El fallecimiento de Francisco pone ante los ojos un hecho: la prensa mundial ocupa sus portadas con la noticia de la muerte del Papa. Ningún otro líder religioso o moral, ni siquiera de comunidades muy numerosas en distintos continentes, alcanza a ser referencia global como lo es el Papa de Roma. Lo habíamos comprobado cuando fallecieron Benedicto XVI o Juan Pablo II, por mencionar a los más recientes, y lo vemos hoy. La Iglesia católica es una realidad tan singular que, más allá de cómo se intenta presentarla muchas veces, enfatizando sus aspectos más limitados u oscuros, que los hay, tiene una capacidad de impacto internacional que no deja de resultar inexplicable.

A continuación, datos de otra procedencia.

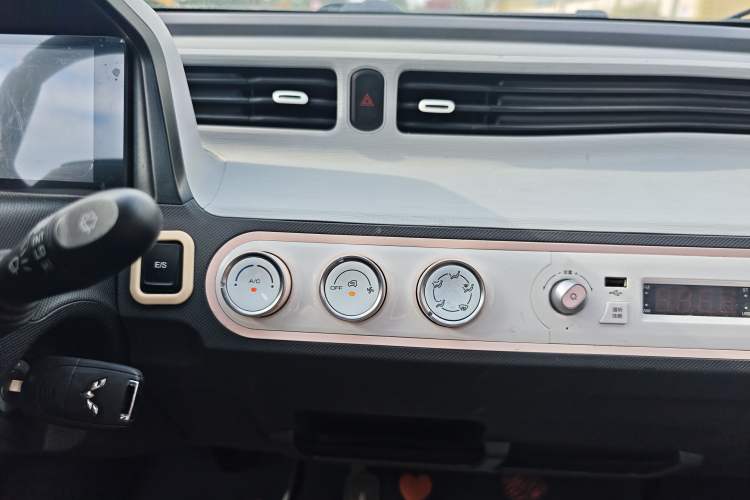Used Wuling Hongguang MINIEV 2021 Macaron Premium Model – Lithium Iron Phosphate Audio And AC Panel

En el caso de Francisco, los medios aluden enseguida a los temas a los que el Papa dedicó sus esfuerzos, algunos de la mayor importancia. Por ejemplo su afán de que los denominados “bienes comunes” –la tierra, el mar, el aire– no se destruyan y podamos legarlos a las generaciones futuras. O la pasión con la que ha defendido a los más pobres, a los que emigran, dejando su tierra para buscar en otros lugares oportunidades de una vida mejor. Su voz realmente se dirigía a la ciudad y al orbe.
Quisiera subrayar, en este recuerdo a vuela pluma, cómo comenzó su pontificado. Acuñó una fórmula que ha hecho fortuna, cuando habló de un “cambio de época y no solo de una época de cambios”. El paso de los años ha confirmado el acierto de su diagnóstico. La transformación social que estamos viviendo tiene tal profundidad que se corresponde con la expresión del papa Bergoglio. La revolución impredecible que trae la convergencia NBIC (nanotecnología, biotecnología, tecnología de la información y ciencia cognitiva), la expansión de la “infosfera”, junto con los retos que la injusticia, la violencia y las guerras siguen planteando a todas las sociedades del planeta demuestran que el papa no exageraba.

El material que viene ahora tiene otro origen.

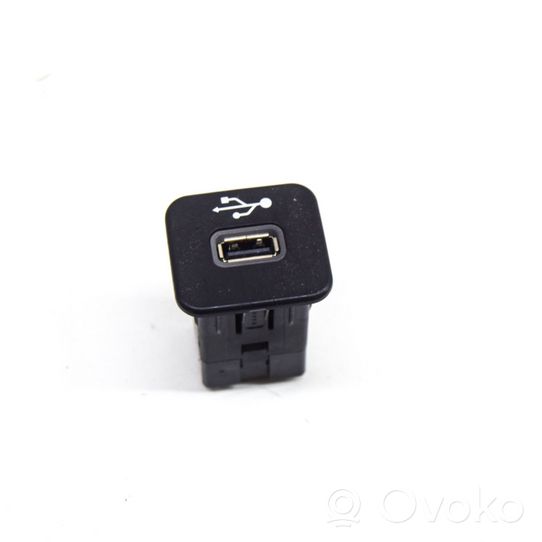 Fiat 500X Connettore plug in USB 735600659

Pues bien, al identificar el cambio de época, Francisco no se convirtió en un profeta de calamidades. Ni se conformó con ofrecer soluciones parciales a cada uno de estos problemas, por inmensos que sean. Desde el principio, en la exhortación apostólica Evangelii Gaudium, indica una clave para afrontar la situación: “el anuncio se concentra en lo esencial, que es lo más bello, lo más grande, lo más atractivo y al mismo tiempo lo más necesario”: el encuentro con Cristo vivo y presente. Este mensaje ha acompañado su misión apostólica a lo largo de sus documentos y en sus gestos.
El punto de partida en sociedades tan complejas y plurales como las nuestras es un encuentro con Cristo que toca lo profundo de la persona –lo que la Sagrada Escritura llama el “corazón”. De este modo tan sencillo, que casi provoca escándalo, cada uno se transforma radicalmente hasta convertirse en una “criatura nueva”

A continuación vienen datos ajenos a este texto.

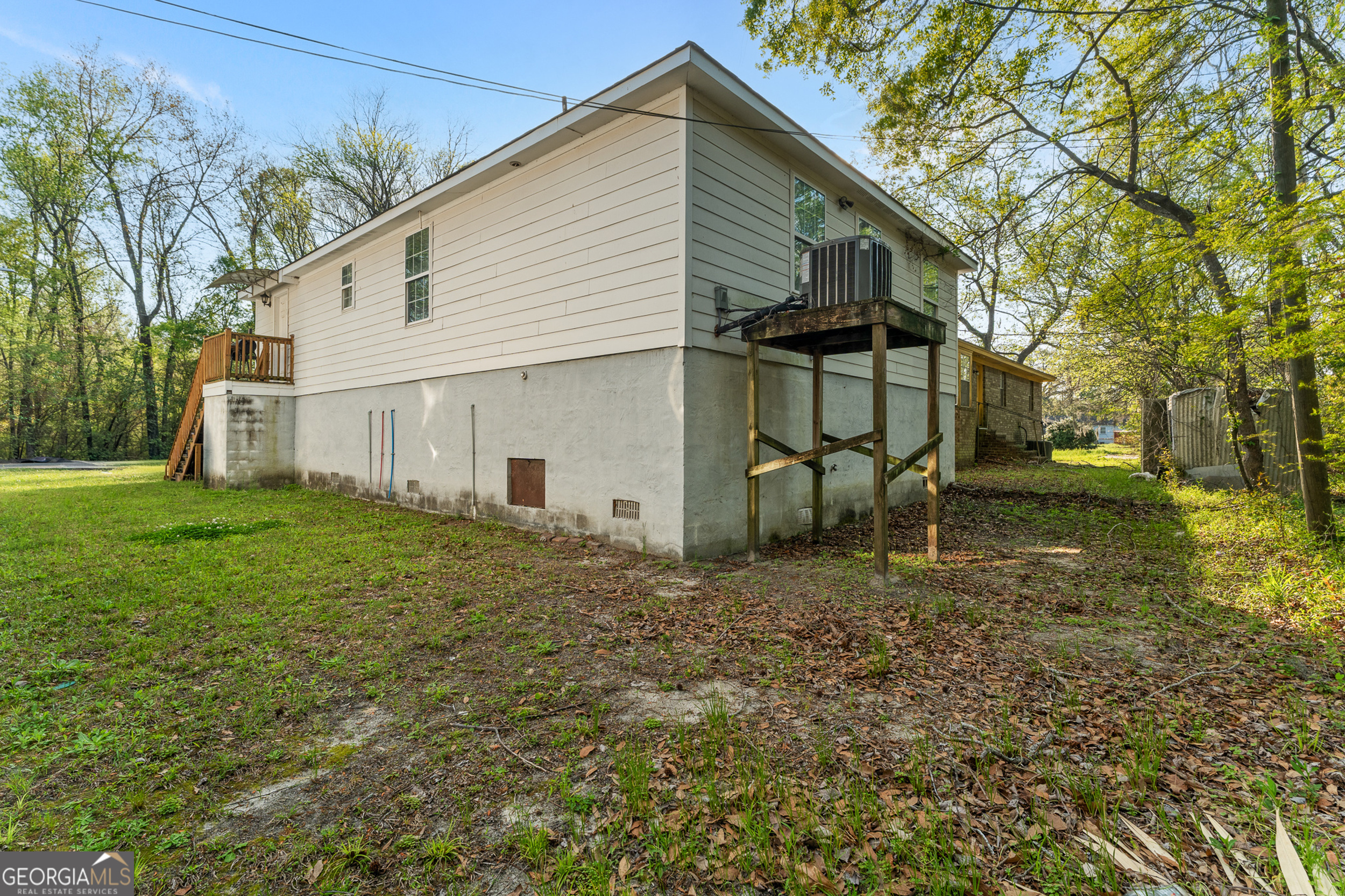 1908 Comet Avenue Property Photo 18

Así nace el sujeto que, a título individual o asociado con otros, puede ofrecer un signo de esperanza para una vida mejor en todas sus facetas, por complicadas que aparezcan ante nuestros ojos. Ante la radical transformación social que llega, ese encuentro suscita seres humanos que adquieren las certezas elementales sobre su condición propia y su dignidad. Así están a la altura de los tiempos.
Nuestra humanidad herida y doliente –en todas las latitudes—, nuestra humanidad perpleja o pretenciosa –en muchas sociedades avanzadas—, carece a veces de respuesta para las preguntas acuciantes sobre el significado de una vida sometida a cambios tan profundos. El Papa nos invitaba a retomar el camino de nuestra humanidad para encontrar compañía y claridad en el encuentro con Cristo a través de la Iglesia. Quien lo hace experimenta una alegría, serena y pacificadora, propia de quien reconoce la dignidad de su vida. Está, por lo tanto, mejor dispuesto a transmitir la novedad, y se vuelve ocasión de encuentro para otros. Es lo que Francisco llama la “alegría del Evangelio”: la alegría que se mueve para construir, para servir a los demás en sus necesidades, sean las que sean.
Hoy, cuando nuestros corazones están tristes por la pérdida del Papa Francisco, acogemos de nuevo su invitación para volver a empezar desde lo esencial, desde este encuentro que nos devuelve la esperanza de una vida humana más humana y el deseo de comunicarla, hasta los confines de la tierra.